Mayor Steve Hagerty said the council has expressed concerns about whether Evanston can take on both projects at this time, considering the city’s revenue and expenses.

“The reality is we do have capital needs in this community,” Hagerty said. “There has been a conversation going on with the prior City Council and this City Council about what are the priorities with the community centers and the community gathering spaces, in which the library is one of the primary (priorities), as is Robert Crown.”

Danczak Lyons and representatives from renovation architectural firm Wight & Company presented a master plan for the floor-by-floor design overhaul for the library, which modernizes the building in a cost-efficient way, Danczak Lyons said.

Michael Barnes, design principal at Wright & Company, said the firm began working with EPL administration and staff two years ago to assess what residents want from the library and how to make those improvements while keeping the library open to patrons.

“The mission and offerings of libraries today are very different than what they were before, but libraries are used as much, if not more, but just in different ways,” Barnes said. “Based on the needs and desires we came up with for what this library ought to have, we actually had to put it together as a complicated puzzle.”

The current total cost estimate for the renovation is $10.5 million, though the cost would escalate each year if the city chooses to delay the project, Barnes said. If the city delayed the renovation until 2023, the cost would increase to about $12.7 million, according to EPL’s presentation.

The plan creates more public space by converting staff-only areas to private and semi-private workspaces and community meeting rooms. The renovation also provides a larger space for teenagers, digital media and technology enhancements. There will also be a gender-neutral bathroom, first-floor cafe and a computer lab.

Danczak Lyons said this project is intent on providing equal access to technology, as learning and job searching have become increasingly dependent on digital media.

“This is really a community-driven vision for the main library,” Danczak Lyons said. “The community depends upon us not just for shelter, but for information and for community building. And that’s the vision that’s guiding this proposed renovation.”

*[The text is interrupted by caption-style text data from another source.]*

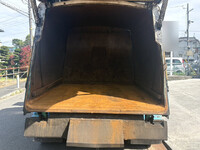 いすゞフォワードパッカー車（塵芥車）増トン（6t・8t）[写真19]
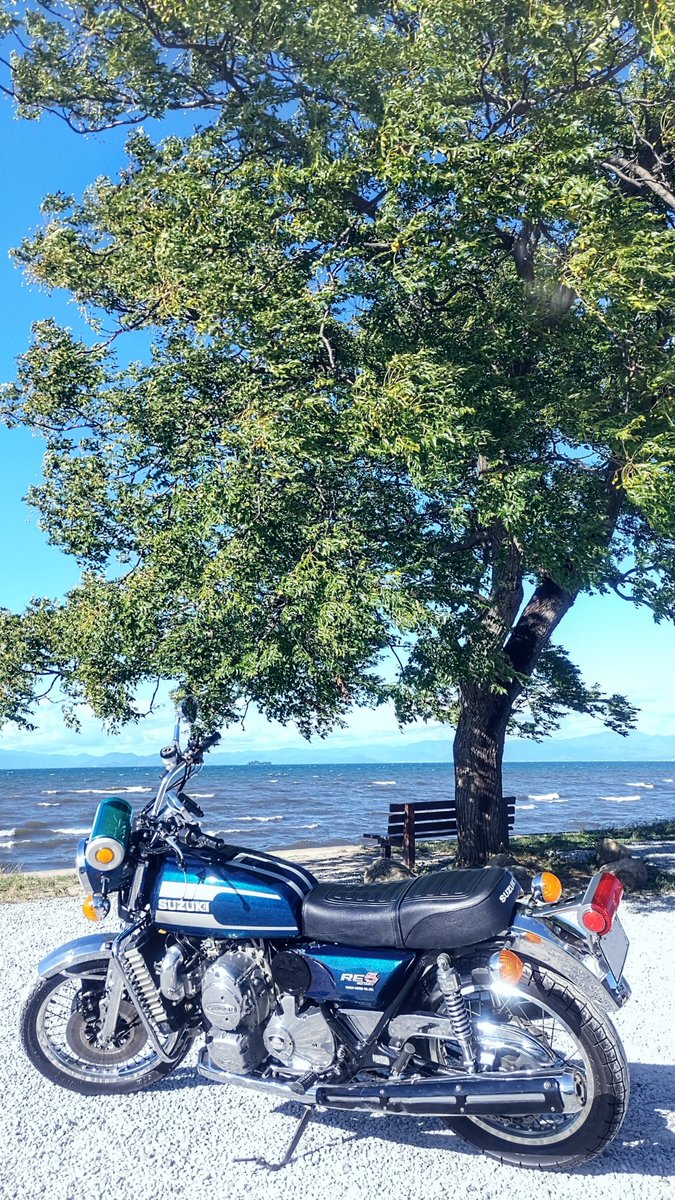 風を感じる特等席 🪑🏍✨
#この画像を見たら琵琶湖をバックにした愛車を貼れ
＃バイクのある風景
＃旧車バイク
＃スズキRE5
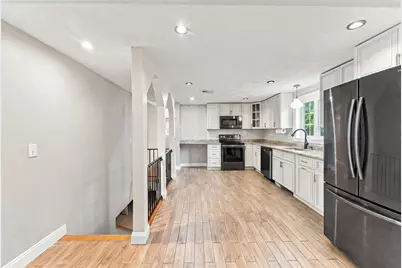 216 Hyde Street, Cranston, RI 02920 - Photo 4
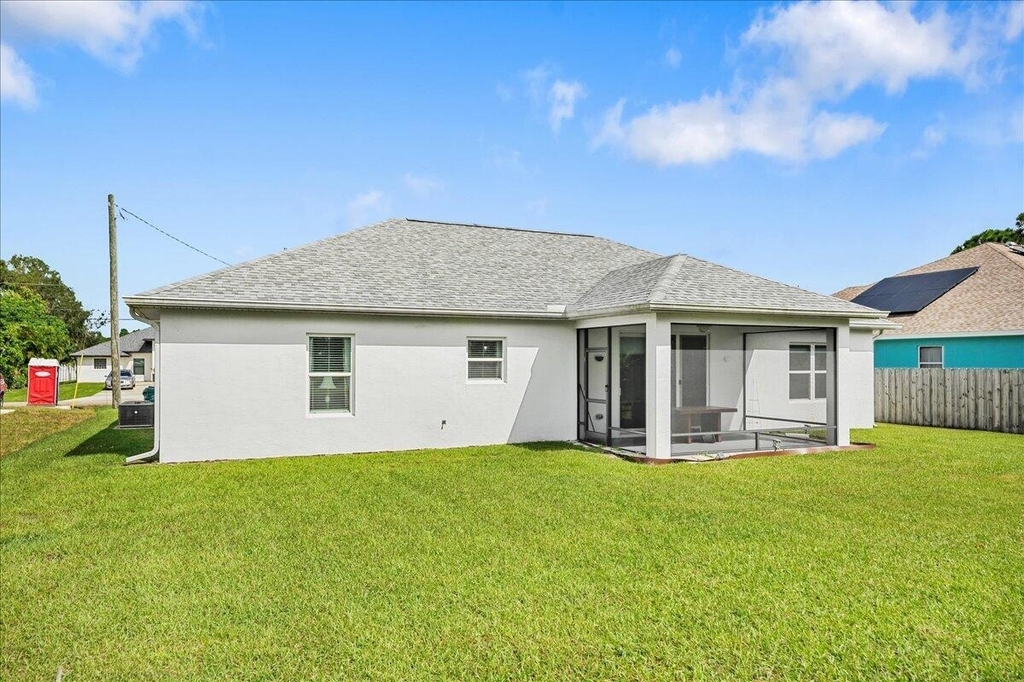 5362 Nw Akbar Terrace - Photo 32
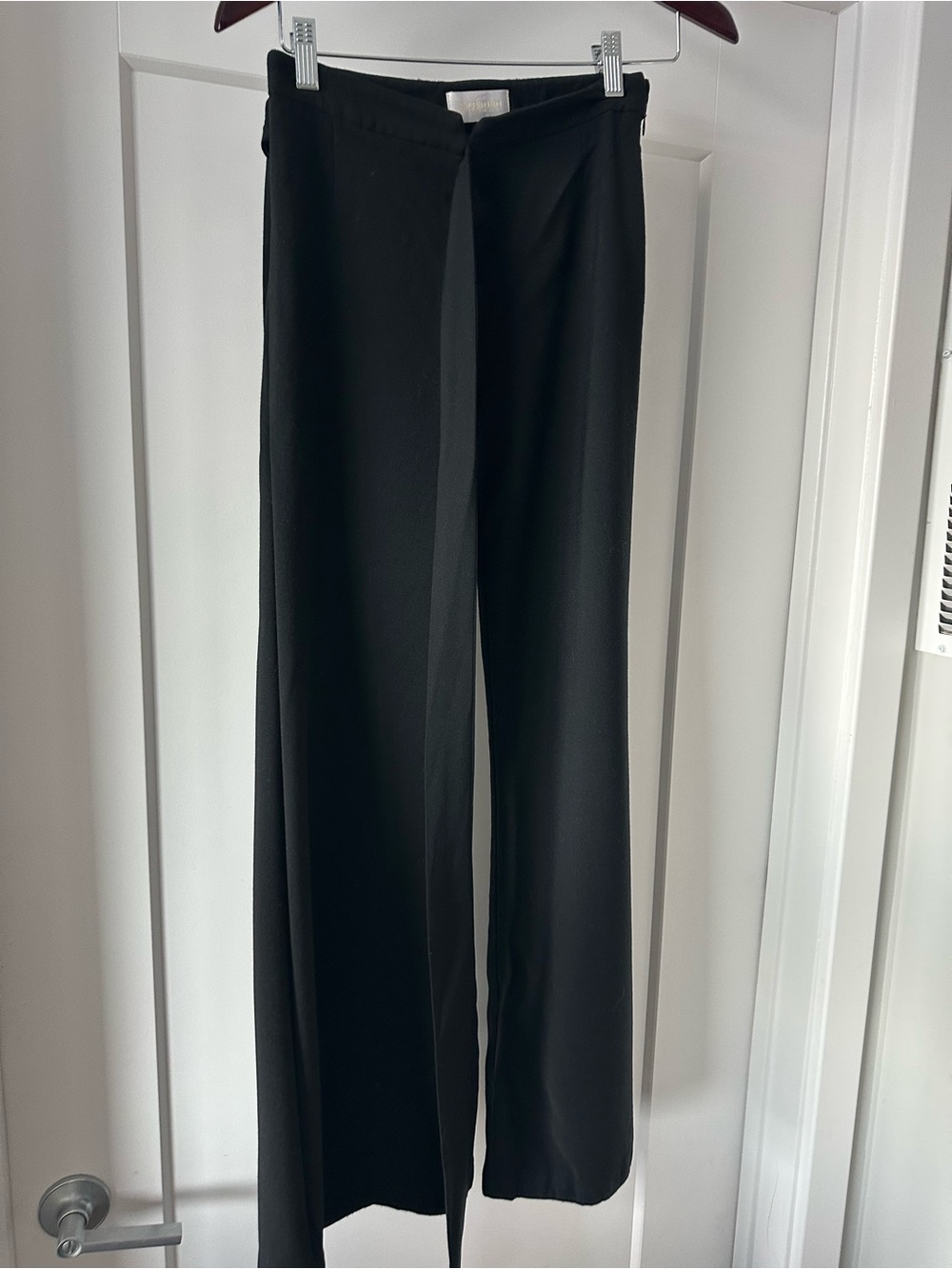 Valentino Black Wide-Leg Trousers with Subtle Front Pleat 40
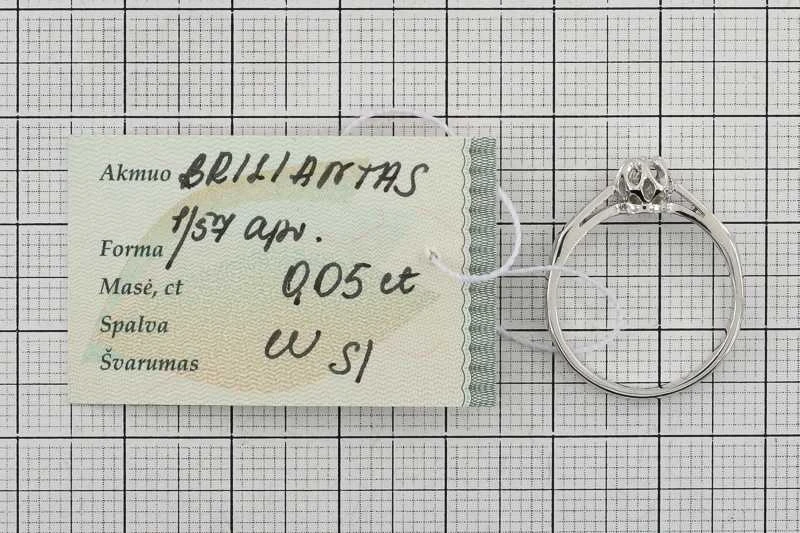 Balto aukso žiedas su briliantu Brasco 7874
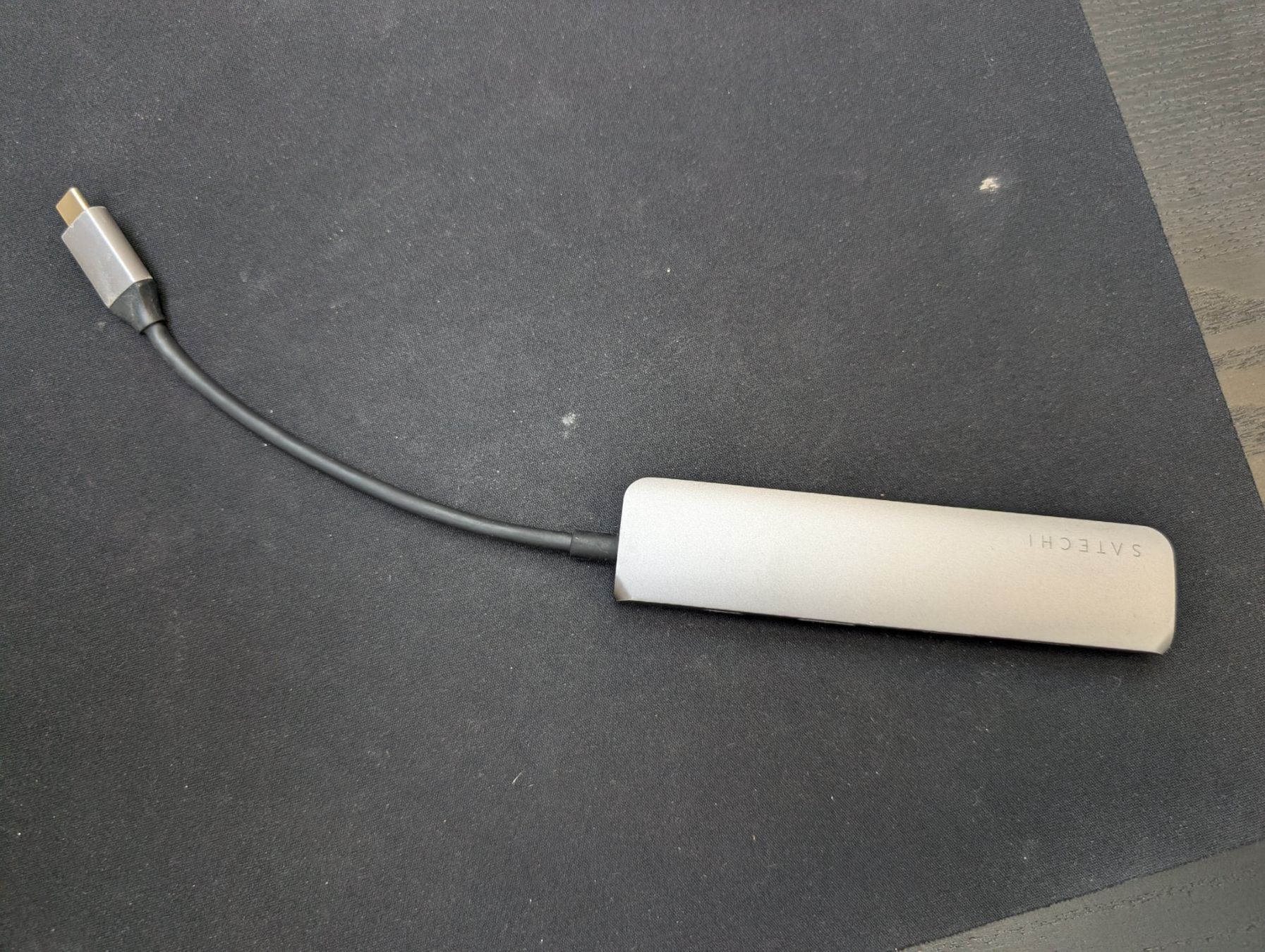 Satechi Hub & Switch: Satechi USB-C Hub Adapter 3x USB | SD/MicroSD reader | HDMI – Usato da Zürich venduto da IT_CAT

During the discussion about EPL, Ald. Melissa Wynne (3rd) said “this is the right time” to move forward with the library renovations, and that it is important to start now to avoid the escalation of the cost. Still, she said she “reluctantly” agrees that the Robert Crown Center takes priority at the moment.

She added that the current spaces in EPL do not support the many programs that the library provides, and she has heard of “tremendous demand” for the individual and group meeting rooms that the renovation would create.

“Of all the city facilities that we have in Evanston, the ways that we use the library have changed the most dramatically of any other building I can think of in Evanston,” Wynne said. “(The renovation) is really important for us to continue to innovate.”